→ Task objective
Every line from the one containing "Brązowy Letni Komplet" through the end of the listing below must be given again exactly, and nothing else; exclude pictures.

---------- Data excerpt

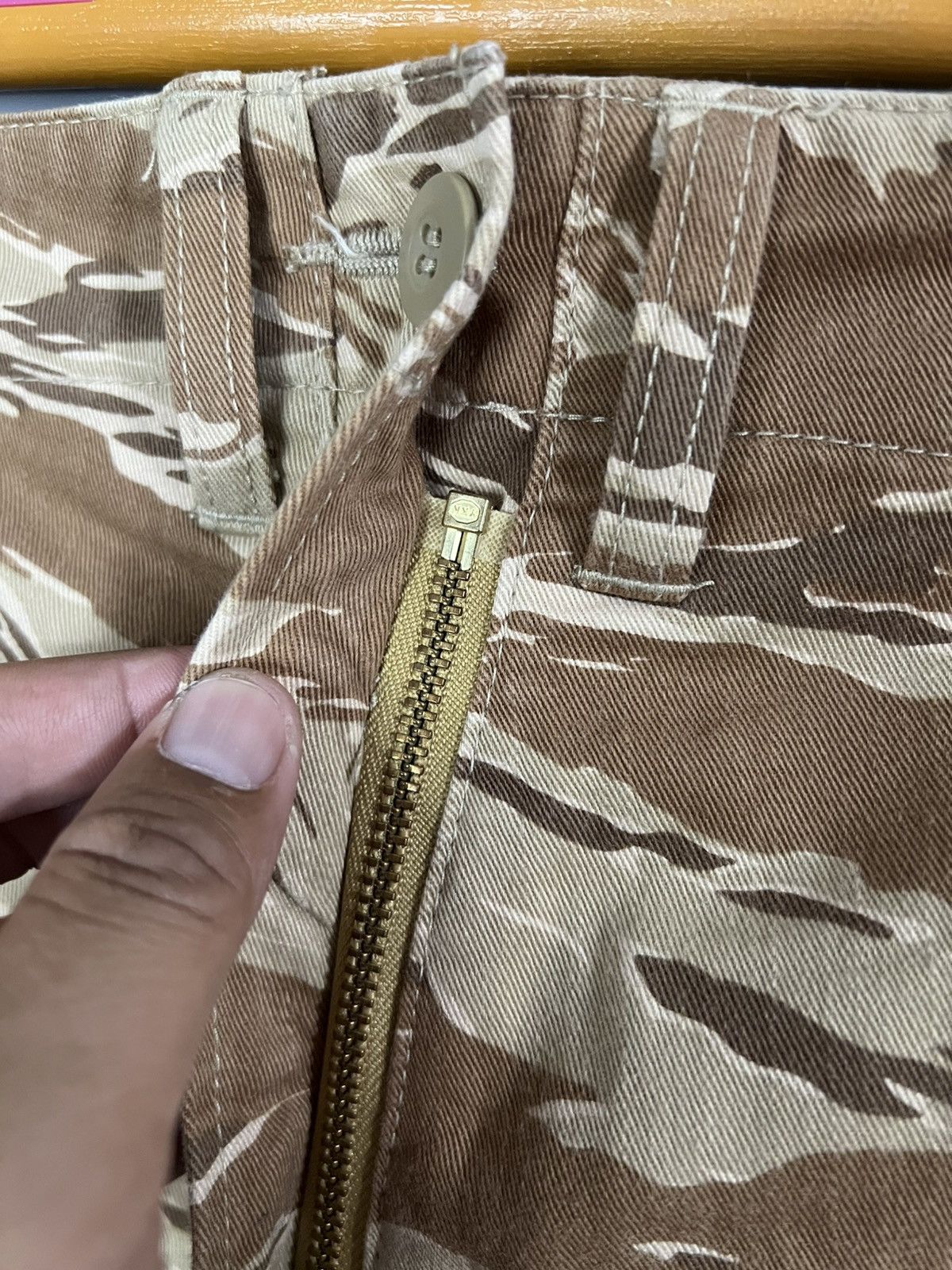 Comme des Garcons Comme des garcons desert tiger camo pants Size US 34 / EU 50 - 6 Thumbnail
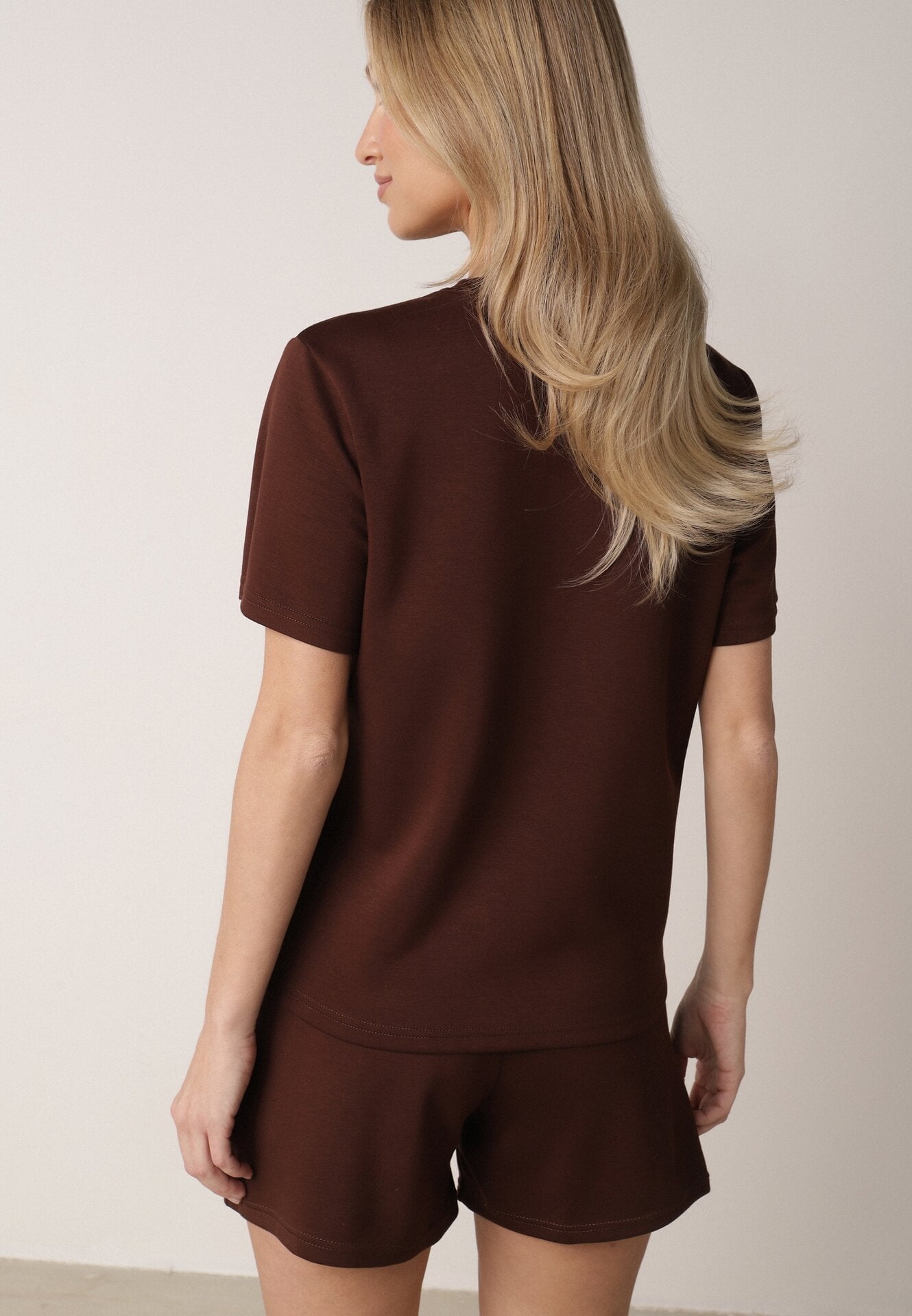 Brązowy Letni Komplet z Bawełny i Wiskozy T-shirt i Szorty Celinai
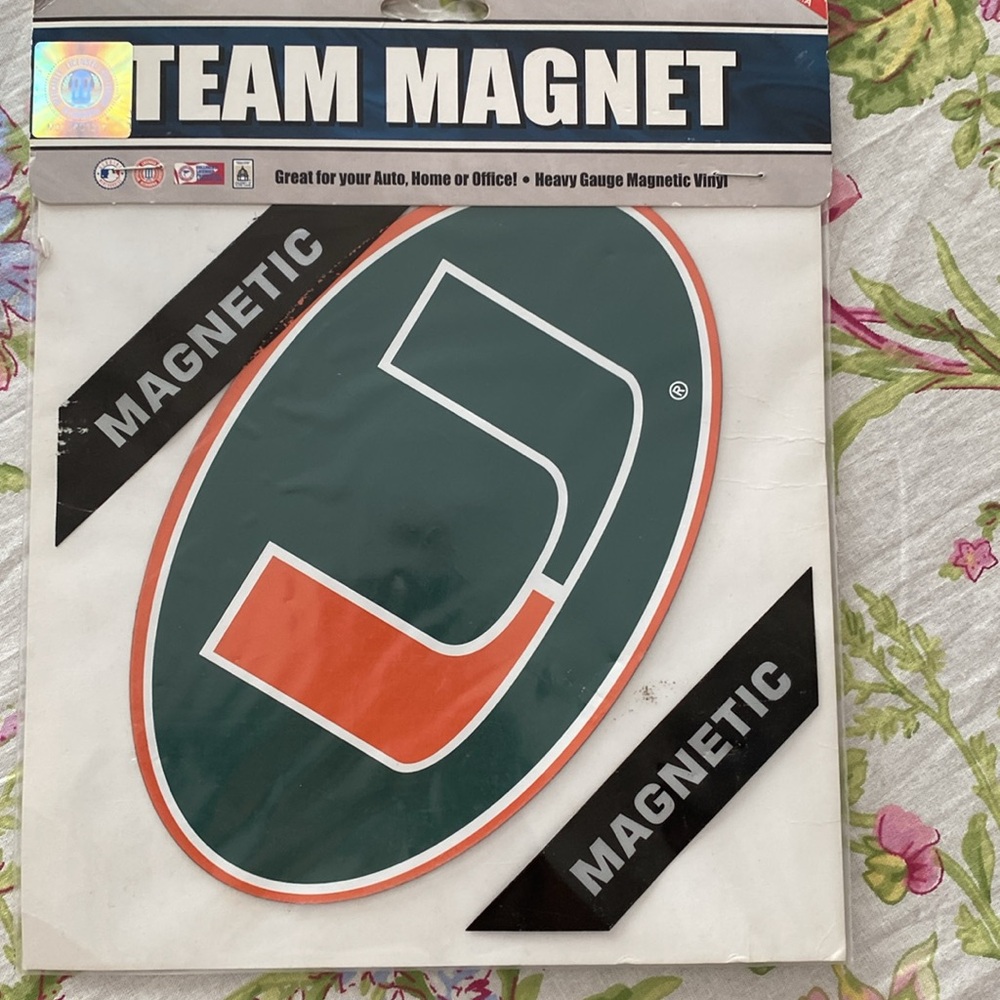 UNIVERSITY OF MIAMI LOGO TEAM MAGNETS - Picture 2 of 5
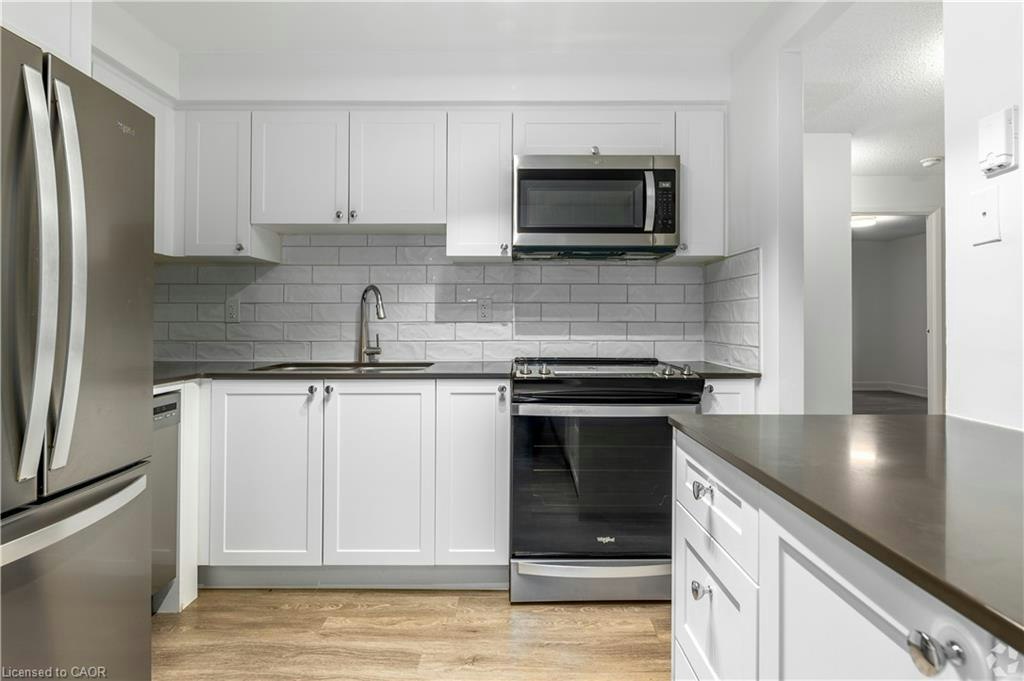 0033-565 Belmont Avenue W, Kitchener, ON, N2M 5E7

--------------------

→ Solution for this problem
 Brązowy Letni Komplet z Bawełny i Wiskozy T-shirt i Szorty Celinai
 UNIVERSITY OF MIAMI LOGO TEAM MAGNETS - Picture 2 of 5
 0033-565 Belmont Avenue W, Kitchener, ON, N2M 5E7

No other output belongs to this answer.